Avoiding the ‘What Can We Say’ Trap

By my observations (across a span of more than two decades in the field), a vast majority of organisations start their proposal-producing process with the submission version of ‘writer’s block’.

Those who are appointed “writers” (either of the entire submission, or of the various component sections if it’s the response to a complex Request for Proposal) sit down at a relatively blank screen . . . and begin contemplating “what we can say”.

What’s wrong with that – is just about everything.

A Detailed Blueprint Is the Answer

Any submission – from the lightest sales proposal, to the weightiest response in a complex tender process – should be informed by a detailed blueprint. A blueprint that is the result of a diligent research and planning process, involving as many knowledge sources as is required to produce an insightful, competent, competitively superior, substance-based end-document.

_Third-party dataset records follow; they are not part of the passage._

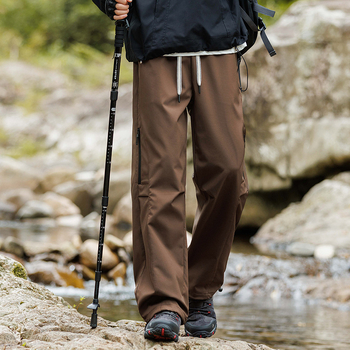 Pantaloni de încărcare în stil american pentru bărbați, stil montan, toamnă și iarnă, sporturi casual, pantaloni impermeabili, rezistenti la vânt, drumeții în aer liber, alpinism, pantaloni crock la modă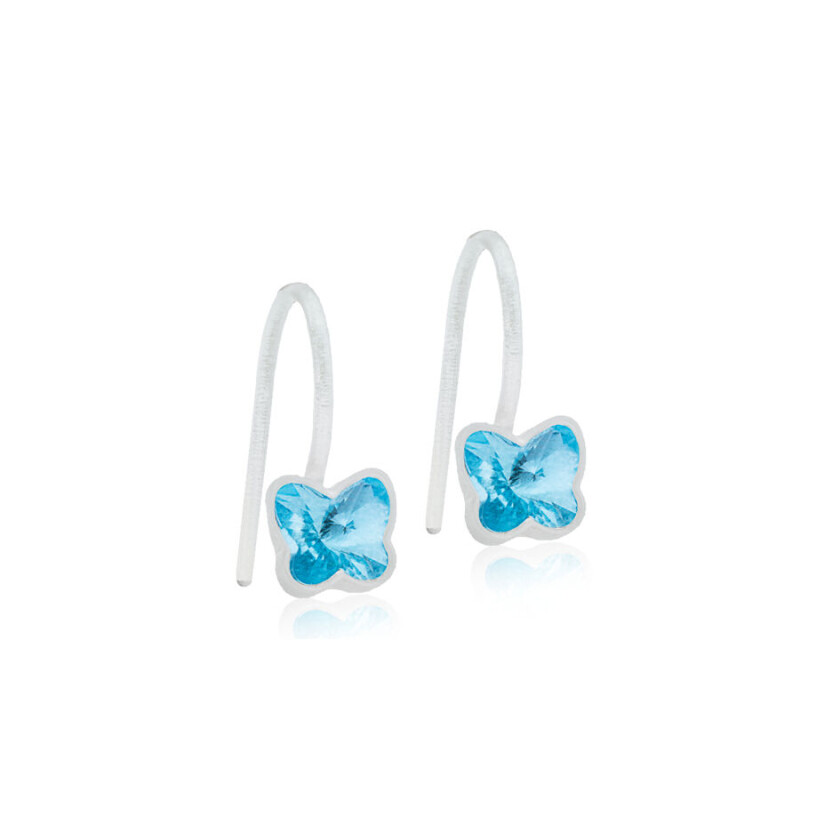 Medical Plastic  Pendant Fixed Butterfly 8 mm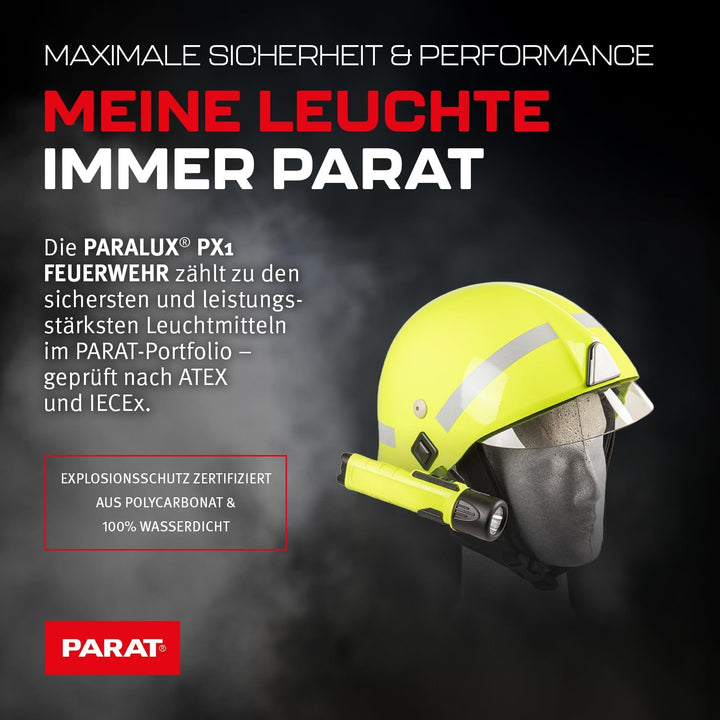 PARALUX® PX1 FEUERWEHR Set für Schuberth F220 Rechts (Länge x Breite x Tiefe 167 x 41 x 43 mm, Gewic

Planning identifies the overarching theme that will guide your proposal / response, and downstream from that, that will identify each major component of your “bid strategy” (I’ll use that as a universal term for convenience). That, in turn, flushes out the answers to the specific issues that need to be addressed – whether proactively (in the case of an unsolicited proposal) or in response to specific questions (in the case of a formal bid or tender).

A competent planning process – embraced with enthusiasm by those participating in it – often makes the final process of producing the end-document, a relatively simple matter of expanding on the plan’s core components and assembling them into a logical order.

With this insight into the imperative of conducting pre-writing research and planning, it’s easy to see that it is, in fact, negligent to put pen to paper, or fingers to keyboard, without a guiding document of this nature.

Getting Ahead of the Pack Starts Here

But again, it is in fact the unfortunate norm. If you’re an SME (Small or Medium-sized Enterprise) especially, it’s more likely than not that your average competitor doesn’t conduct any formal pre-submission planning process. Their sales or business development personnel likely just sit down in front of their computers and stare at a blank screen, wondering “what they can say”. Or they pull up a grossly over-used, universal and non-specific, probably badly outdated, template on which numerous of their previous proposals have been based . . . with the fact that they’ve done so being glaringly obvious to the recipient.

Just the undertaking of a dedicated planning phase, in its own right, puts you ahead of the game . . . by virtue of even having a formal guiding document for which prior research had to be conducted, and thinking had to be injected.

Not hard to see how to position your enterprise ahead of the competition when you think about it from such a logical perspective, is it?